As a general consumption tax, value added tax (VAT) is designed to burden non-business, i.e. private, consumption. Within the business sphere, on the other hand, there is a fundamental right to deduct input tax in order to avoid multiple tax burdens. However, this principle reaches its limits if structures are used solely to obtain a tax advantage that is not provided for by law. Such abusive structures are often the subject of case law, particularly in connection with luxury goods such as private jets, yachts or vacation properties.
A recent ruling by the Federal Administrative Court (FAC) dated January 8, 2025 (A-1146/2023) deals with such a topic. It deals with the misuse of VAT regulations in connection with a vacation property.

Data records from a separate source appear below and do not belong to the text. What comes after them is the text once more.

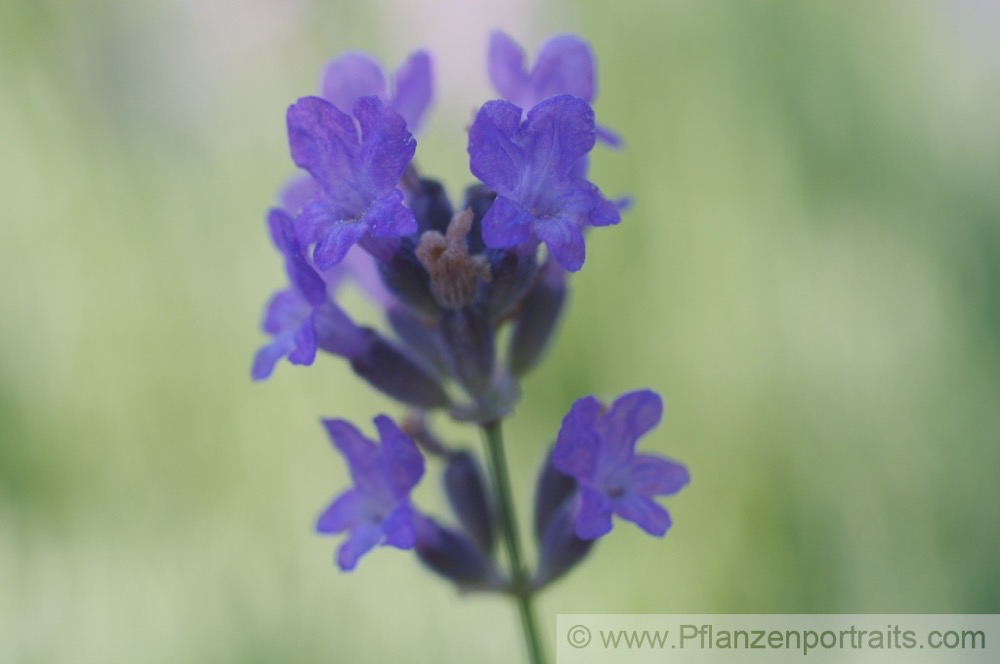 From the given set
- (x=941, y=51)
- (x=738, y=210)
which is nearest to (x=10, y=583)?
(x=738, y=210)

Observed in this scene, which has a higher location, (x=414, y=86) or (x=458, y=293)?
(x=414, y=86)

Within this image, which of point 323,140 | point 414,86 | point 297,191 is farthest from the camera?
point 297,191

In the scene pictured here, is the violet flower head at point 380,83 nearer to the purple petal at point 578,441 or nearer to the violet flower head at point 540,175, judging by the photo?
the violet flower head at point 540,175

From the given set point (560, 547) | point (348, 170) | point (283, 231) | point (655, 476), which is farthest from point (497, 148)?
point (560, 547)

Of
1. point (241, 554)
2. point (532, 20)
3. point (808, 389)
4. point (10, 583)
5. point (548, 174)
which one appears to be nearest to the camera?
point (548, 174)

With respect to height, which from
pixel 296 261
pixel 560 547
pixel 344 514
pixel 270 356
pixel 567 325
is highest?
pixel 296 261

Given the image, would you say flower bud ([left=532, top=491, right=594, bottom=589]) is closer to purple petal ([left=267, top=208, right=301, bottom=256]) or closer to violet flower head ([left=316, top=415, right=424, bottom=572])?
violet flower head ([left=316, top=415, right=424, bottom=572])

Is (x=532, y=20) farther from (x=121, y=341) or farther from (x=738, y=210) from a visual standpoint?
(x=121, y=341)

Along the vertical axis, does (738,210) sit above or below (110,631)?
above

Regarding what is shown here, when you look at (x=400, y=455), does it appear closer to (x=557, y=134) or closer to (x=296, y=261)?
(x=296, y=261) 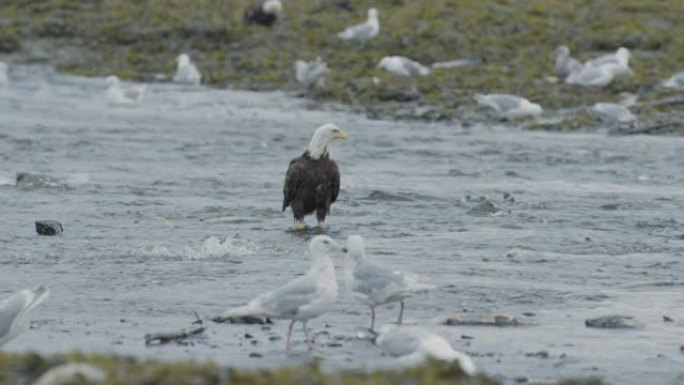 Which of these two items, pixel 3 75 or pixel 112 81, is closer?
pixel 112 81

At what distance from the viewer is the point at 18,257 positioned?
601 inches

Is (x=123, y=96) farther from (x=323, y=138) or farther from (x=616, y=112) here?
(x=323, y=138)

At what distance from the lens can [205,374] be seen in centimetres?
835

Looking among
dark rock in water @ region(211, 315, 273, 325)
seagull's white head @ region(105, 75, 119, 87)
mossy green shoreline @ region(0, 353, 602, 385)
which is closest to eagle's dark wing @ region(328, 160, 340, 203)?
dark rock in water @ region(211, 315, 273, 325)

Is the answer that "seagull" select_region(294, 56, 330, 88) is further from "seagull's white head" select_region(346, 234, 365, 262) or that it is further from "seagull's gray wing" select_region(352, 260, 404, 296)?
"seagull's gray wing" select_region(352, 260, 404, 296)

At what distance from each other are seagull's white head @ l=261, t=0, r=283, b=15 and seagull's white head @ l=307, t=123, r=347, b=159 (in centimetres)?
1820

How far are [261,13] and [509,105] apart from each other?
10.3 m

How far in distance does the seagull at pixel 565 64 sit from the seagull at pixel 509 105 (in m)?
2.76

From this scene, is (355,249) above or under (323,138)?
under

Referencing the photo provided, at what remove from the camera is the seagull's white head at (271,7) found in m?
35.6

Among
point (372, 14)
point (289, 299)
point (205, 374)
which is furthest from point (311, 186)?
point (372, 14)

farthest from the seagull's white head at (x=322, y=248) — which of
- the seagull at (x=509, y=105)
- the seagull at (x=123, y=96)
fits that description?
the seagull at (x=123, y=96)

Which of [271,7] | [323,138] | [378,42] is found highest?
[271,7]

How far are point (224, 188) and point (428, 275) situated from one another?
6454 millimetres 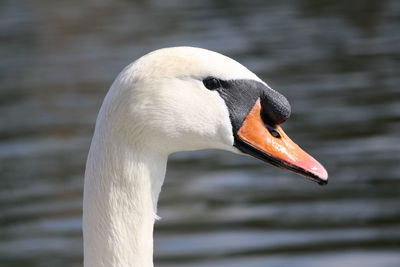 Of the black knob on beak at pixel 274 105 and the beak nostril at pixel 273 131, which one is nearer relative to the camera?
the black knob on beak at pixel 274 105

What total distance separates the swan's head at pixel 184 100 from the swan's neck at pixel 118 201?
56mm

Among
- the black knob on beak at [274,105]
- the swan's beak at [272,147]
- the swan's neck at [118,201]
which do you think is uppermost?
the black knob on beak at [274,105]

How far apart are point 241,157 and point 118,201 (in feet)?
22.9

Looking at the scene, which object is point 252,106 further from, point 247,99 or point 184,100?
point 184,100

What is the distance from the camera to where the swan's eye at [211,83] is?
3523 mm

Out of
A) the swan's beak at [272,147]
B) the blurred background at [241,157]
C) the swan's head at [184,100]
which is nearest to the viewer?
the swan's head at [184,100]

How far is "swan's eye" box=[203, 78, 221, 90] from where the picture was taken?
3.52 m

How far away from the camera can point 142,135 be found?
11.3ft

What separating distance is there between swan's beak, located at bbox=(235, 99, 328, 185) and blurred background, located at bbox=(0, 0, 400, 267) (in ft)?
13.9

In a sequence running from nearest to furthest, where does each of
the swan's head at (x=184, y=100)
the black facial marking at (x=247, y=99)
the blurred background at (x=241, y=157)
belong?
the swan's head at (x=184, y=100) < the black facial marking at (x=247, y=99) < the blurred background at (x=241, y=157)

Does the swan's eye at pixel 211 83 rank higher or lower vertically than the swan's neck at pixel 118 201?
higher

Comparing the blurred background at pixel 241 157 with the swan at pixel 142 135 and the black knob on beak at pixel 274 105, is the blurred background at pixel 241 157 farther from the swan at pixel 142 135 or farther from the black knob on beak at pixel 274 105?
the swan at pixel 142 135

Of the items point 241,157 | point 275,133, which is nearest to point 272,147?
point 275,133

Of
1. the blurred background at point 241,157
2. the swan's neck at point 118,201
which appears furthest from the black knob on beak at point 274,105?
the blurred background at point 241,157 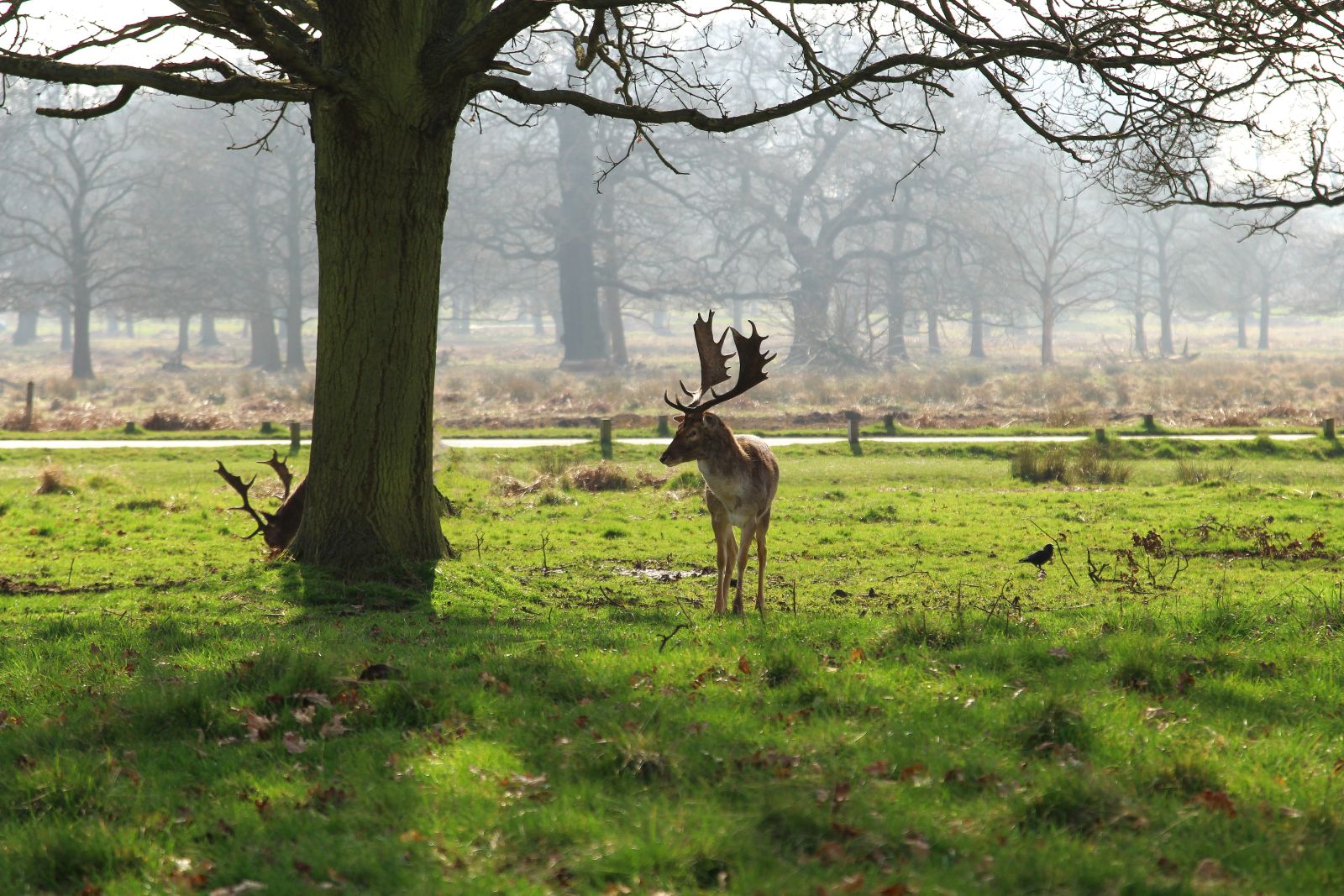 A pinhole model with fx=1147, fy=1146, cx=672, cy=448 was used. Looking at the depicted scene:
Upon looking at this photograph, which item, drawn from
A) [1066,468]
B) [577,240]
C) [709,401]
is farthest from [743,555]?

FACTS OF THE CASE AND DECISION OF THE FEDERAL ADMINISTRATIVE COURT
A-1146/2023
A._______ AG was acquired by its sole shareholder in 2017 and held a single vacation property. The company was registered as a company subject to VAT, which entitled it to claim input tax deduction for extensive renovation costs. At the same time, it rented out the property exclusively to the sole shareholder, with this rental being subject to VAT at the special rate for accommodation services.
Following a VAT inspection by the Swiss Federal Tax Administration (FTA) in 2021, the company was retroactively deleted from the register of VAT-liable persons. The FTA justified this with the existence of tax avoidance, as the chosen structure was solely aimed at generating an input tax deduction that the sole shareholder could not have claimed privately. The FAC confirmed this assessment.
CRITERIA FOR TAX AVOIDANCE
According to the established practice of the FAC and the Federal Supreme Court, three elements are decisive for the affirmation of tax avoidance:
- Objective element: The chosen legal structure is unusual and inappropriate. In this case, the sole purpose of the company was to hold a vacation property and rent it out to the sole shareholder, without any economic or business reasons being apparent.
- Subjective element: The chosen structure primarily served the purpose of tax avoidance by obtaining an input tax deduction through the VAT obligation that would otherwise not have been possible.
- Effective element: The tax savings were considerable, in particular due to the input tax deduction for renovation costs that would otherwise not have been deductible for private assets.
As all three criteria were met, the tax avoidance was affirmed and the company's tax liability was retroactively revoked.
It is interesting to compare this with the judgments A-4190/2020 and A-4195/2020 of 15 December 2021. In these cases, no tax avoidance was assumed, whereby, in the opinion of the court, the fact that no input tax deductions were claimed played a role. Instead, the companies invoiced using the net VAT rate method, which is why no significant tax savings were made. The third condition, the effective element, which requires a significant tax saving, was therefore missing. In the current case, however, the chosen structure led to a significant input tax surplus, which resulted from the high renovation costs for which the company claimed the input tax deduction. At the same time, the rental income from the exclusive letting to the sole shareholder was only taxed at the reduced special rate for accommodation services. As a result, the input tax claimed significantly exceeded the VAT owed, which the court classified as tax abuse, meaning that tax avoidance was confirmed.
DE FACTO REVERSAL OF THE BURDEN OF PROOF FOR THE TAXPAYER
One noteworthy point of the ruling is the distribution of the burden of proof. In principle, it is up to the tax authority to prove the existence of an abusive arrangement. However, the FAC states that there is a natural presumption of a peculiar arrangement as soon as significant elements speak in favour of tax optimization. In practice, this leads to a de facto reversal of the burden of proof, as taxpayers must rebut the natural presumption of tax avoidance.
In the current case, A._______ AG was unable to provide sufficient business reasons for its structure. The court emphasized that economic or business motives of the company itself are decisive - not the entrepreneurial activities of the sole shareholder. This did not invalidate the natural presumption. This approach shows that taxpayers who use similar structures must provide well-documented economic reasons for their choice in order to avoid a tax adjustment.
EFFECTS ON PRACTICE
Das Urteil unterstreicht erneut, dass das Halten von Ferienimmobilien über Gesellschaften zwar nicht per se unzulässig ist, jedoch ein wirtschaftlicher Zweck nachgewiesen werden muss, der über die reine Steuerersparnis hinausgeht. Dabei scheinen Verwaltung und Bundesverwaltungsgericht strenge Massstäbe anzulegen.
In such situations, companies and taxpayers should therefore carefully examine whether the business reason for the chosen structure can be adequately justified. If this is not the case, there is a risk of a tax correction with considerable financial consequences. The decision has been referred to the Federal Supreme Court and it remains to be seen whether it will stand.